Work order
Retype each entry below exactly as it stands.

Information shown
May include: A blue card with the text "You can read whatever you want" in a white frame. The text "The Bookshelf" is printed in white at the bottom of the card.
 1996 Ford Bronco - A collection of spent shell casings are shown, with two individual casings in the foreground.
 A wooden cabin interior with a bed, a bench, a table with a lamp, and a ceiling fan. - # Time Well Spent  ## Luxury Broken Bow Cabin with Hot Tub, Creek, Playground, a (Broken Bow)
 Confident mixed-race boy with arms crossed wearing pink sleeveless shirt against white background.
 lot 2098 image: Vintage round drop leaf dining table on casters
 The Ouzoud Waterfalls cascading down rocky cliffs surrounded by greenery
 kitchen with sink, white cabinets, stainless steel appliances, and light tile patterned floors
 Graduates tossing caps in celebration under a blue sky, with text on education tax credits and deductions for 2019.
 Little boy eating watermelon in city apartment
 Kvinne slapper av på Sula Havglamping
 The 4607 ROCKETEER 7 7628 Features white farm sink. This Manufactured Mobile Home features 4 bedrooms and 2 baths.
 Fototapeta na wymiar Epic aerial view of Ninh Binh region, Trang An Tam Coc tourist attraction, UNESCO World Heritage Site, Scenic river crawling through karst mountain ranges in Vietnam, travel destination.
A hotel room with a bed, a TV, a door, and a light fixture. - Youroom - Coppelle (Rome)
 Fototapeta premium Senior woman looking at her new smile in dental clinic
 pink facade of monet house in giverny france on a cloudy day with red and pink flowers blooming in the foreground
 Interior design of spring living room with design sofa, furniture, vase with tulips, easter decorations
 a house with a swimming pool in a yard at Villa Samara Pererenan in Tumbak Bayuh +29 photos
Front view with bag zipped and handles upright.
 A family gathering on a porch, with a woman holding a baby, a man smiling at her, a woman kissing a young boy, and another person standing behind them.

Answer to this exercise
May include: A blue card with the text "You can read whatever you want" in a white frame. The text "The Bookshelf" is printed in white at the bottom of the card.
 1996 Ford Bronco - A collection of spent shell casings are shown, with two individual casings in the foreground.
 A wooden cabin interior with a bed, a bench, a table with a lamp, and a ceiling fan. - # Time Well Spent  ## Luxury Broken Bow Cabin with Hot Tub, Creek, Playground, a (Broken Bow)
 Confident mixed-race boy with arms crossed wearing pink sleeveless shirt against white background.
 lot 2098 image: Vintage round drop leaf dining table on casters
 The Ouzoud Waterfalls cascading down rocky cliffs surrounded by greenery
 kitchen with sink, white cabinets, stainless steel appliances, and light tile patterned floors
 Graduates tossing caps in celebration under a blue sky, with text on education tax credits and deductions for 2019.
 Little boy eating watermelon in city apartment
 Kvinne slapper av på Sula Havglamping
 The 4607 ROCKETEER 7 7628 Features white farm sink. This Manufactured Mobile Home features 4 bedrooms and 2 baths.
 Fototapeta na wymiar Epic aerial view of Ninh Binh region, Trang An Tam Coc tourist attraction, UNESCO World Heritage Site, Scenic river crawling through karst mountain ranges in Vietnam, travel destination.
A hotel room with a bed, a TV, a door, and a light fixture. - Youroom - Coppelle (Rome)
 Fototapeta premium Senior woman looking at her new smile in dental clinic
 pink facade of monet house in giverny france on a cloudy day with red and pink flowers blooming in the foreground
 Interior design of spring living room with design sofa, furniture, vase with tulips, easter decorations
 a house with a swimming pool in a yard at Villa Samara Pererenan in Tumbak Bayuh +29 photos
Front view with bag zipped and handles upright.
 A family gathering on a porch, with a woman holding a baby, a man smiling at her, a woman kissing a young boy, and another person standing behind them.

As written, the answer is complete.